El recipiente de vidrio rojo donde estaba la vela votiva rebotó en la mesa, y sombras espectrales bailotearon en la pared y el techo.

¡TUMPTUMPTUMPTUMPTUMP!

Ricky estaba a dos pasos de la puerta principal cuando el suelo de roble crujió, se elevó y se rajó con estruendo. Ricky cayó hacia atrás.

Algo surgió del subsuelo del bungalow, partiendo el suelo como una cáscara de huevo. Por un instante el vendaval de polvo, astillas y tablones le impidió ver lo que había nacido en el pasillo.

Luego Ricky vio a un hombre en el agujero, los pies plantados en la tierra, bajo el suelo de la casa. A pesar de estar debajo de Ricky, ese sujeto se erguía sobre él, inmenso y amenazador. El pelo y la barba ensortijados eran una maraña mugrienta, y las partes visibles de su cara presentaban horrendas cicatrices. Su impermeable negro ondeaba como una capa en una ráfaga que nacía en el subsuelo y soplaba entre los tablones rotos.

Ricky supo que se enfrentaba al vagabundo que Harry había visto nacer de un remolino.
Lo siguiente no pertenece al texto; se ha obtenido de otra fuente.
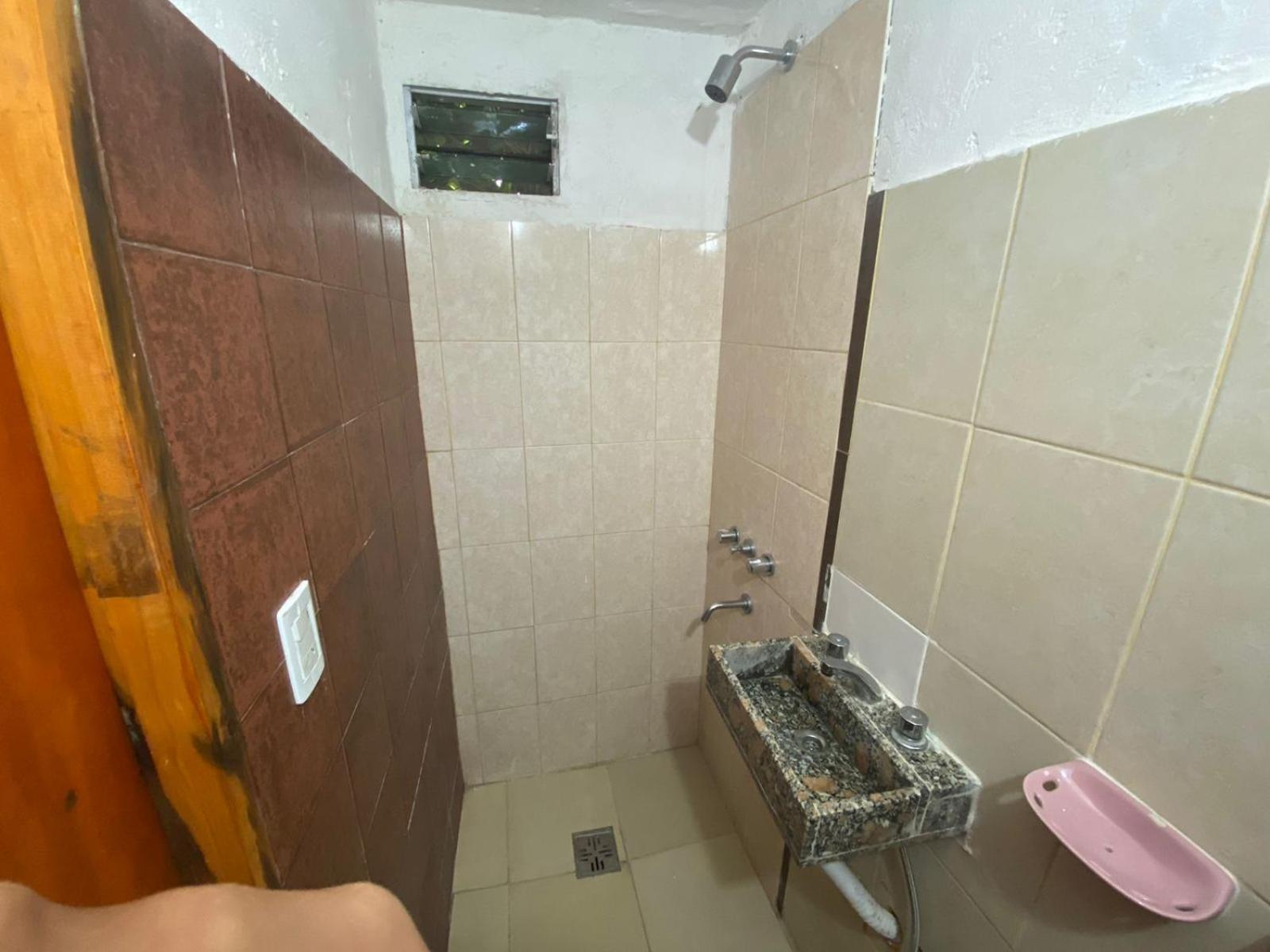 La Cinco Ξενοδοχείο Villa Gesell Εξωτερικό φωτογραφία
Todo encajaba con la descripción, excepto los ojos.

Cuando escrutó esos ojos grotescos, Ricky se quedó petrificado entre los fragmentos de la Santa Virgen, paralizado por el miedo y por la certeza de que se había vuelto loco. Aunque hubiera seguido retrocediendo o hubiera dado media vuelta para correr hacia la puerta trasera, no habría escapado, porque el vagabundo trepó desde el agujero hasta el pasillo con la celeridad de una serpiente. Aferró a Ricky, lo levantó del suelo con un vigor inhumano, irresistible y le aplastó brutalmente contra la pared.

Cara a cara, sintiendo el hediondo aliento del vagabundo, Ricky miró esos ojos y sintió tanto terror que no pudo gritar. No eran los estanques de sangre que había descrito Harry. No eran ojos. En las profundas cuencas anidaban dos cabezas de serpiente, con dos ojillos amarillos en cada una, agitando sus lenguas bífidas.

«¿Por qué yo?», se preguntó Ricky.

Como muñecos de resorte en una caja de sorpresas, las serpientes brincaron de las cuencas del vagabundo y le mordieron la cara.